*Provided entries*:
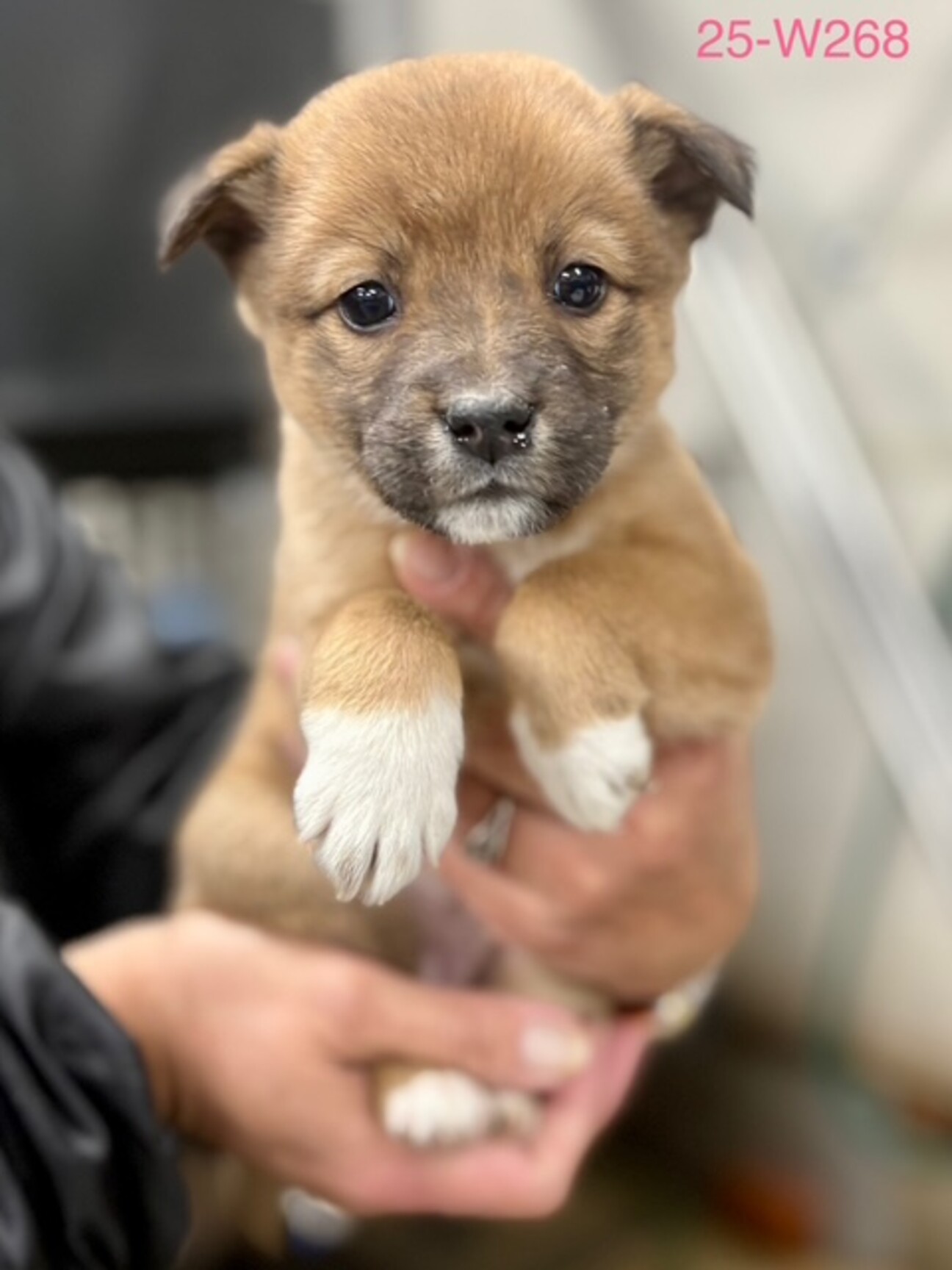 25-W268 兄妹中で」滋賀県 - 犬の里親募集(531839) :: ペットの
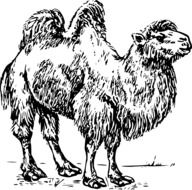 black and white drawing of a camel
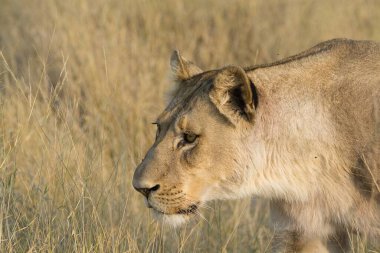 Erkek aslan (panthera leo), Güney Afrika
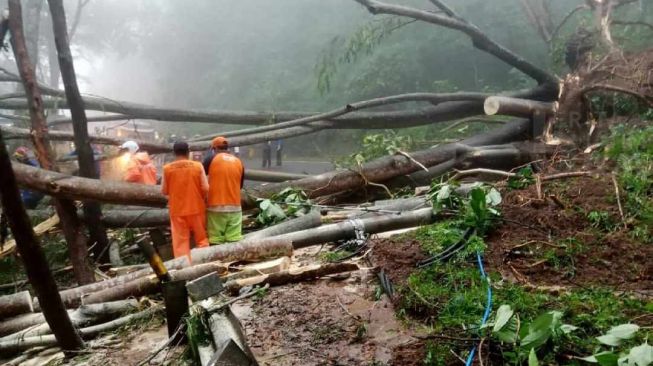 Jalur Akses Trenggalek Menghubungkan Ponorogo Tertutup Longsor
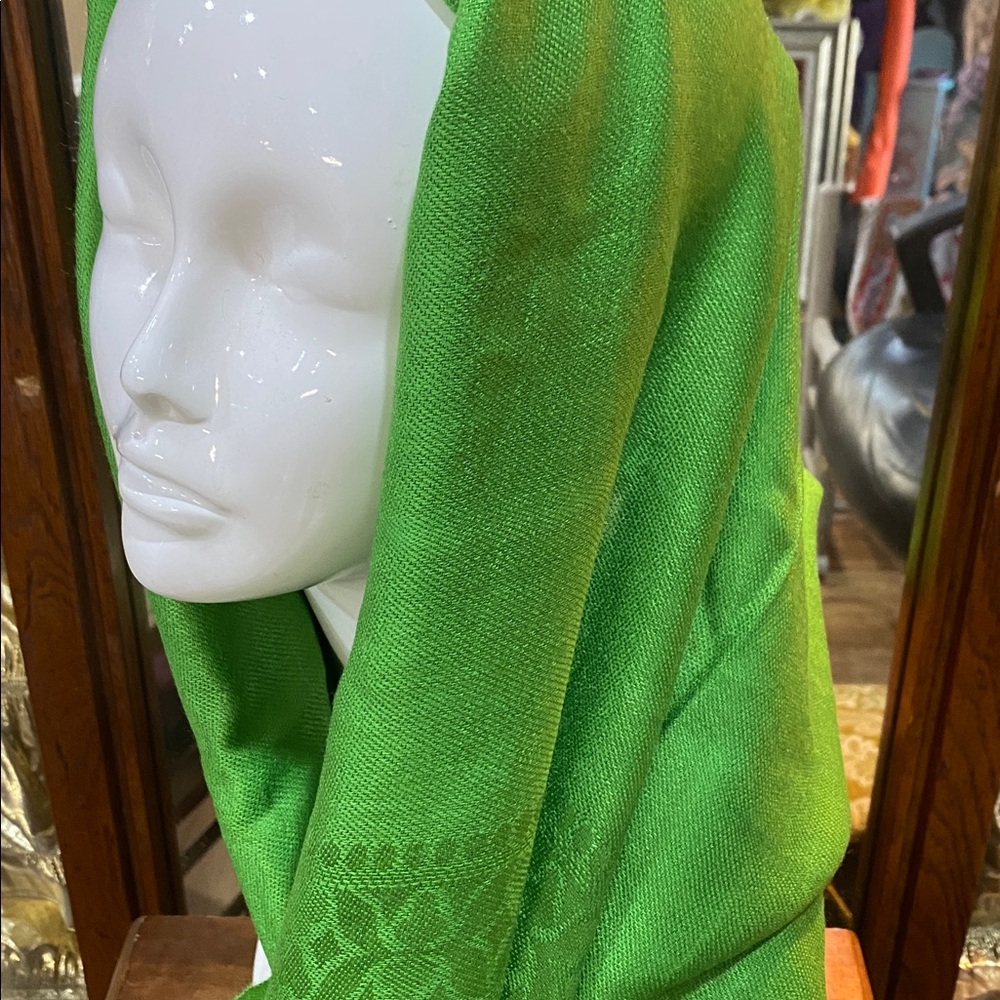Green Pashmina Women's Luxury Pashmina Shawl 68 x 27 NWOTs - Picture 2 of 3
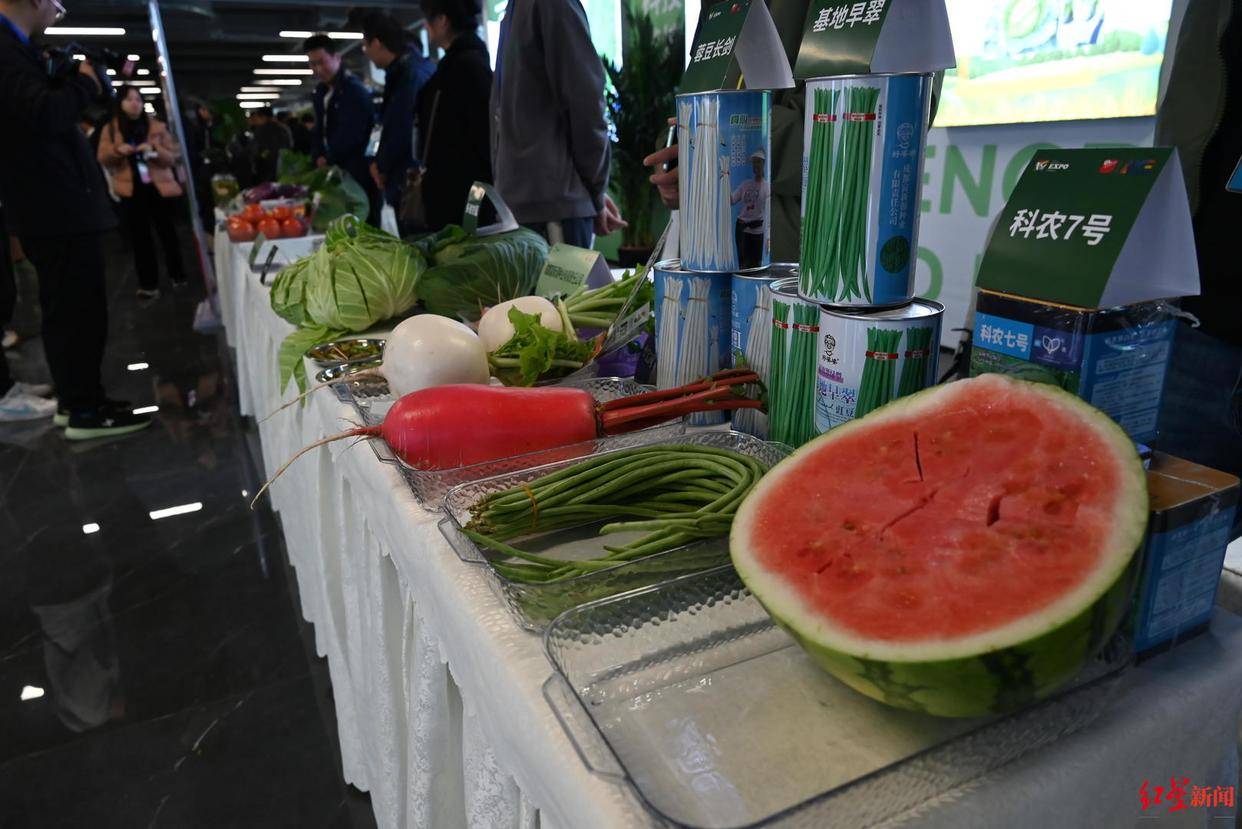 6t体育菜博会观察：蔬菜盯上“水果化”转型鲜食蔬菜为何变成新风口？(图5)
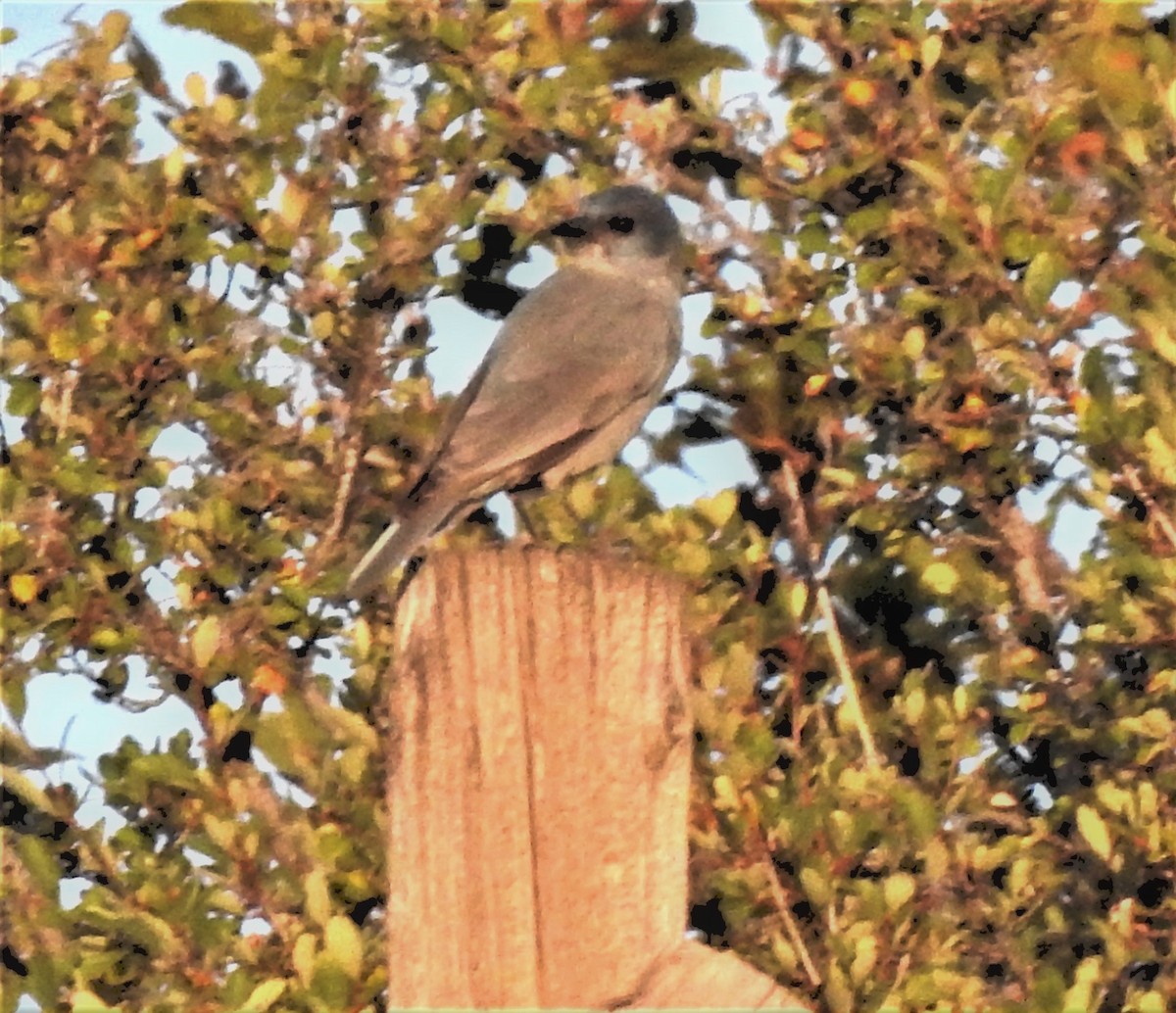 Pinyon Jay - ML609135376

*Exercise instructions*: Reproduce all of the material exactly, apart from the pictures.

*Written solution*:
 25-W268 兄妹中で」滋賀県 - 犬の里親募集(531839) :: ペットの
 black and white drawing of a camel
 Erkek aslan (panthera leo), Güney Afrika
 Jalur Akses Trenggalek Menghubungkan Ponorogo Tertutup Longsor
Green Pashmina Women's Luxury Pashmina Shawl 68 x 27 NWOTs - Picture 2 of 3
 6t体育菜博会观察：蔬菜盯上“水果化”转型鲜食蔬菜为何变成新风口？(图5)
 Pinyon Jay - ML609135376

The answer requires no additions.